Copy exactly, line for line, the part of the listing from the line containing "Newlywed portrait photographed" through its last line, and nothing else.

INPUT DATA ▸
________________

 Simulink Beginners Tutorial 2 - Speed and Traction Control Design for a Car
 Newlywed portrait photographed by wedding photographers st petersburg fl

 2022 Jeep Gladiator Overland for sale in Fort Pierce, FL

________________

ANSWER AREA ▸
 Newlywed portrait photographed by wedding photographers st petersburg fl

 2022 Jeep Gladiator Overland for sale in Fort Pierce, FL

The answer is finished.